WASHINGTON (Army News Service) -- The Army's top leaders have announced that the Army will pause expected cuts to Family, Morale Welfare and Recreation programs and Army Community Services pending a holistic review.

Secretary of the Army Eric K. Fanning gave the news to a group of spouses at the third Family Forum of the Association of the United States Army's Annual Meeting and Exposition Oct. 5. He and Chief of Staff of the Army Gen. Mark A. Milley, together with other leaders, will review the proposed cuts to ensure the needs of the Army, Soldiers and families are being met, Fanning said.

"We wanted to get your input on it and make sure we're in sync with the Department of Defense, the secretary of defense and congressional intent," Fanning said. "There are a couple of issues baked into that. The first is how much we spend and … a review of that. The second is giving garrison commanders some flexibility in how they spend those funds. It's generally our intent to give commanders flexibility wherever we can and authority to make decisions on a more local level."

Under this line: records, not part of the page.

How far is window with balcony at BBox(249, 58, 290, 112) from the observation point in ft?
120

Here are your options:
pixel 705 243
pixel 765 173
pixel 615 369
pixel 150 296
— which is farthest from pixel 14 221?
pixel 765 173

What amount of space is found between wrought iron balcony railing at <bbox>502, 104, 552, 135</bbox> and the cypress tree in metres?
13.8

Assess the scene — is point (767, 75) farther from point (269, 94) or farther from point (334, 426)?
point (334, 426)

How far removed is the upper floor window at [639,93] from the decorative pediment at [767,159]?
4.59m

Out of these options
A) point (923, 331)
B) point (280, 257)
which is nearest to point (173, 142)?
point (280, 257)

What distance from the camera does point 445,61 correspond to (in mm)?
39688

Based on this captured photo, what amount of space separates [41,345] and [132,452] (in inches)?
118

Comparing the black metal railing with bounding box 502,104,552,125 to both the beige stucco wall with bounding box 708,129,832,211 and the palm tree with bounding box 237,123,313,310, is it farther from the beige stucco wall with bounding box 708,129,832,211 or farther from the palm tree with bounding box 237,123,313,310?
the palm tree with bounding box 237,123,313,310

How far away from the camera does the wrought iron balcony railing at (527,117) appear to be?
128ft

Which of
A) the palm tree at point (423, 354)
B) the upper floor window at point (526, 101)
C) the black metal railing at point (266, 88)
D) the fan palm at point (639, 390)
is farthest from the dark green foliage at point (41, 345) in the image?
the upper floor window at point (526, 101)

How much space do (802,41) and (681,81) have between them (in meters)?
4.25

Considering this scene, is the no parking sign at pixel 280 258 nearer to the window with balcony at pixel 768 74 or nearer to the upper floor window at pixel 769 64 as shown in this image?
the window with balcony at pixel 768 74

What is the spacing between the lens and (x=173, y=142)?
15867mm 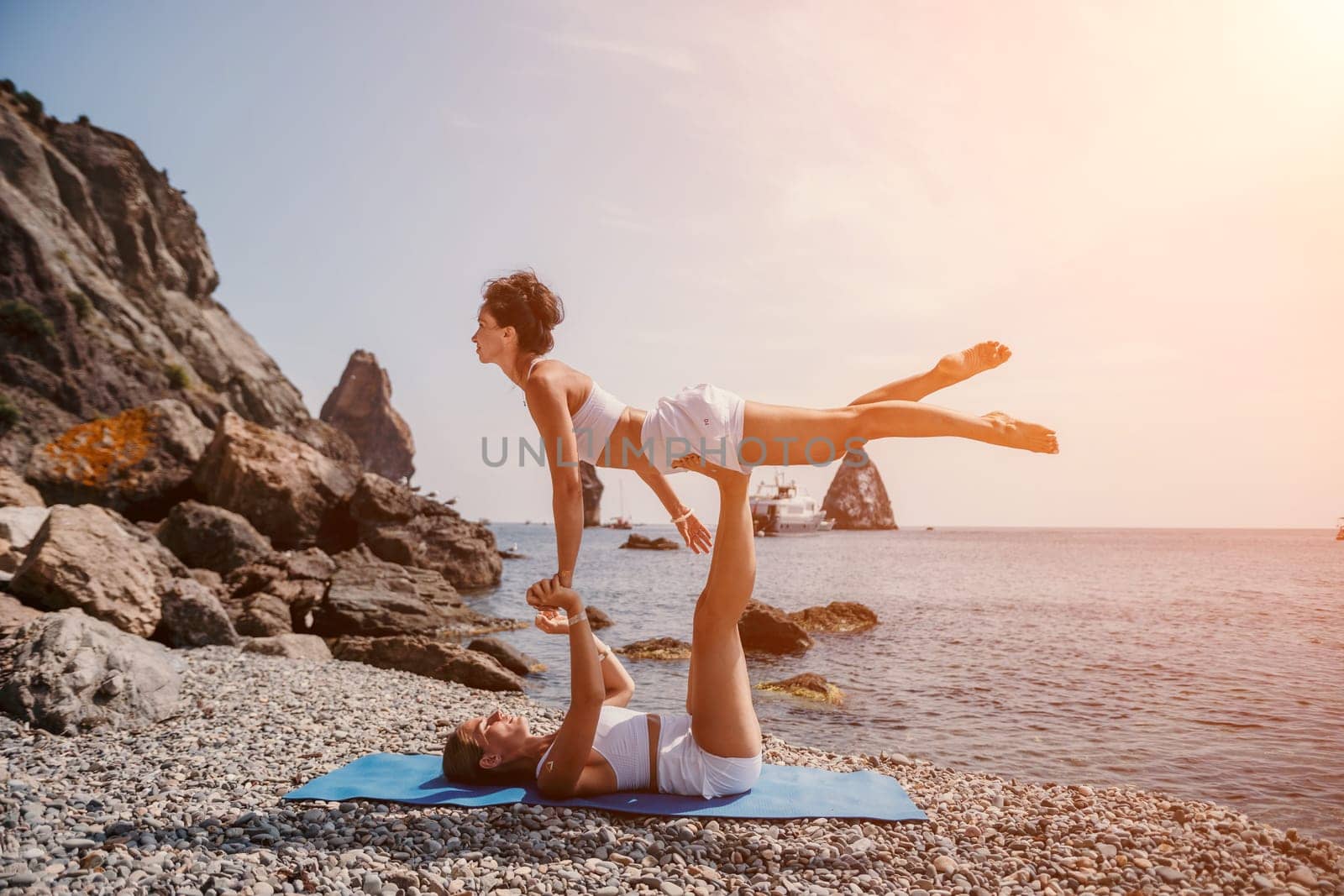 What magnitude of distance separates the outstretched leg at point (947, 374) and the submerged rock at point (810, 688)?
6.97 m

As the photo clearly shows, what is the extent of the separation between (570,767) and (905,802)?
2088 mm

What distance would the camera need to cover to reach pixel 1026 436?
4496 mm

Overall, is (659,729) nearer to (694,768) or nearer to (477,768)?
(694,768)

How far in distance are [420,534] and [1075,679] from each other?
19.4 meters

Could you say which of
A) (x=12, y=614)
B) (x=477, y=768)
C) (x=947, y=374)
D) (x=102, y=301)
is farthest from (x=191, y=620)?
(x=102, y=301)

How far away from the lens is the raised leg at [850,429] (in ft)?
14.4

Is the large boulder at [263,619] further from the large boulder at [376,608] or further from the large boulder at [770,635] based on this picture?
the large boulder at [770,635]

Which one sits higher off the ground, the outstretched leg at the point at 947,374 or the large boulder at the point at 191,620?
the outstretched leg at the point at 947,374

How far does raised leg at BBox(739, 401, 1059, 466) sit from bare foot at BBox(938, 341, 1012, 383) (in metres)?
0.34

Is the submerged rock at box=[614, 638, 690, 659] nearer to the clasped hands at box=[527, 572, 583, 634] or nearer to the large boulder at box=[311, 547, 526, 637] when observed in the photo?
the large boulder at box=[311, 547, 526, 637]

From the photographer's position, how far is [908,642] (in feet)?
54.3

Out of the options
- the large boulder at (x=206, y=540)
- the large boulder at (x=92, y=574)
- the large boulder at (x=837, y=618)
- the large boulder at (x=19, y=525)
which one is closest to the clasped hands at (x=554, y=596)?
the large boulder at (x=92, y=574)

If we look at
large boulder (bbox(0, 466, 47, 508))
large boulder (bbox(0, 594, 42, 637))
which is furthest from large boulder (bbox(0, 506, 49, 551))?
large boulder (bbox(0, 466, 47, 508))

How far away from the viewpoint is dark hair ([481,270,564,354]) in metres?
4.71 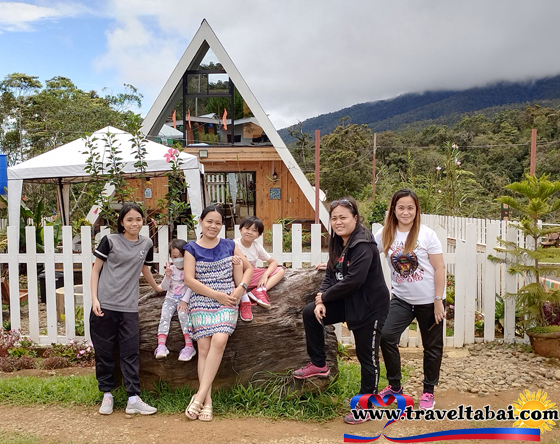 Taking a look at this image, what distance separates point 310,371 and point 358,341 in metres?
0.47

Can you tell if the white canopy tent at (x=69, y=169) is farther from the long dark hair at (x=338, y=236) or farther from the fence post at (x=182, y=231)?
the long dark hair at (x=338, y=236)

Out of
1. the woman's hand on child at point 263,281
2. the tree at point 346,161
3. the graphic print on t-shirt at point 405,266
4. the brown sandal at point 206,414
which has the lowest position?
the brown sandal at point 206,414

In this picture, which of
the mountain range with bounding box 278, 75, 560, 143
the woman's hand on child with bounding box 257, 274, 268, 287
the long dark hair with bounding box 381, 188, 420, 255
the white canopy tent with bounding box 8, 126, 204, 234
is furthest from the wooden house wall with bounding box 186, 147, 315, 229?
the mountain range with bounding box 278, 75, 560, 143

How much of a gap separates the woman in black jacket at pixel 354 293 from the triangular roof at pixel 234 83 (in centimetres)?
968

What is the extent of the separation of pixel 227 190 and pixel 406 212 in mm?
14221

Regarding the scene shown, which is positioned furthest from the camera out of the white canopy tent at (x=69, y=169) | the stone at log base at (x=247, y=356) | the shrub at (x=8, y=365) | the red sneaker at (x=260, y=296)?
the white canopy tent at (x=69, y=169)

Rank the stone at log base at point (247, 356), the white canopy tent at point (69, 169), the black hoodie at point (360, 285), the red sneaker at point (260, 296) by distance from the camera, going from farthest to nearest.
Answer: the white canopy tent at point (69, 169)
the red sneaker at point (260, 296)
the stone at log base at point (247, 356)
the black hoodie at point (360, 285)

The needs of families overseas or at an isolated post like Fort Irwin, California -- which is in the middle of the Mojave Desert and hosts the National Training Center -- are quite different than, say, Colorado Springs, Colorado, which has many local amenities, Sgt. Maj. of the Army Daniel Dailey pointed out.

In fact, he said, "It would be irresponsible for me … to say what's right for family members at the National Training Center or in Colorado Springs or in the great place of Fort Hood, Texas. I think that the families and the senior mission commanders and the garrison commanders are the ones that have to do that."

"We do absolutely take into consideration the locations, the geographic locations of a given installation and what services are available in the local communities," agreed Milley. "So, [Fort] Irwin, austere environment, great post, but most of the services at Irwin have to be on Irwin. You can't access or do outreach to a local community."

Army leaders want to get those decisions right, he continued. Milley believes caring for families is crucial for readiness. A Soldier can't deploy and fulfill his mission well if he's also worried about his family at home. A major component of that is child care.

Fanning said he has asked about child care more than anything else. He has ordered a review and expects a report this month. While the Army already offers high-quality, reliable child care, he admits it can do better. Soldiers and their families often need extended child care hours to complete their missions.

"[The plan is to give] commanders flexibility to extend [child care hours] further in response to whatever needs the garrison might have," Fanning said. "We've piloted those in a couple of places this year. ... I hear you that this is an important concern. We're committed to making sure that you have access to good, quality child care."

As one audience member in the forum pointed out, Guard and Reserve Soldiers often need child care during their drill weekends and training missions. The Army is working on that, said Dailey, but there won't be an easy solution.

"[It's] very difficult," Dailey explained, "if you can understand the complexity of hometown America and how dispersed these Guard and Reserve forces are. You can't send them around necessarily to Guard and Reserve centers either, because Soldiers are further dispersed."

"I think it's a unique situation and a unique solution for each community we work in," Dailey continued, "and we're going to rely heavily on the leadership within the Guard and Reserve to find that solution."

(Editor's note: During Monday's family form, Army Community Services demonstrated a new, online, one-stop-shop for requesting child care: Militarychildcare.com.)